Top of Task data
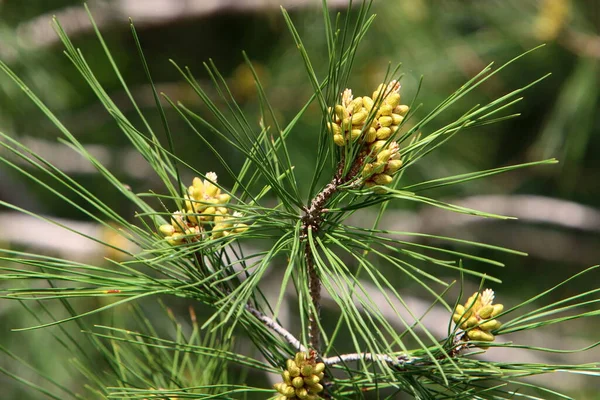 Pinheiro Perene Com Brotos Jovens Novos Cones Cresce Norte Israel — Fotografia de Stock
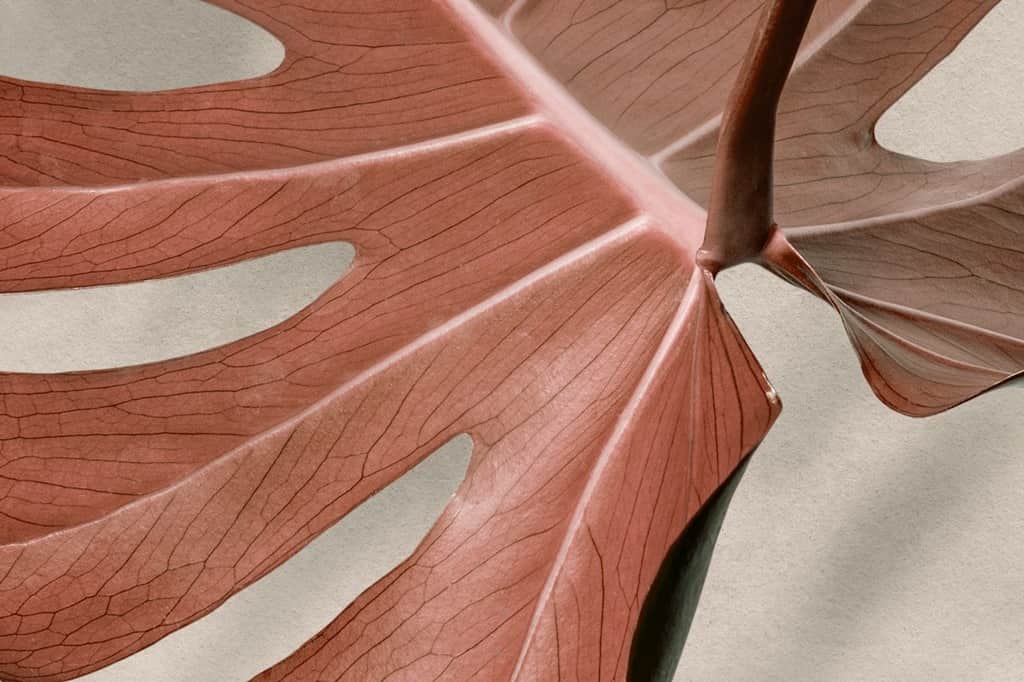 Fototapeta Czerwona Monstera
Bottom of Task data
Top of Task data
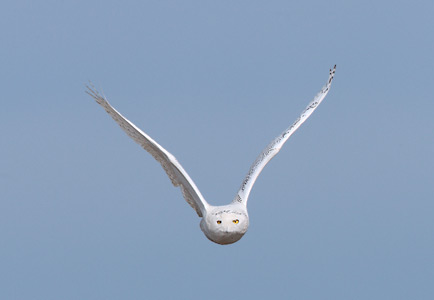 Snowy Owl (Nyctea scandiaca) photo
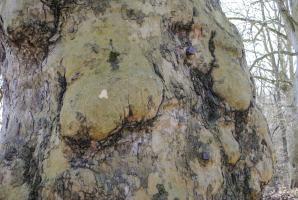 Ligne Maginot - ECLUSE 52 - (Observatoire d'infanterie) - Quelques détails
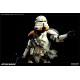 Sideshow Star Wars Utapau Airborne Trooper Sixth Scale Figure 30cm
Bottom of Task data
Top of Task data
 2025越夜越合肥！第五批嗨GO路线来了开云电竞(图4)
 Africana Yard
Bottom of Task data
» **What the exercise asks**
In the listing above, the required lines run from the line with "Pinheiro Perene Com" through the line with "Fototapeta Czerwona Monstera". Output exactly those lines, omitting pictures.

» **Output of the exercise**
 Pinheiro Perene Com Brotos Jovens Novos Cones Cresce Norte Israel — Fotografia de Stock
 Fototapeta Czerwona Monstera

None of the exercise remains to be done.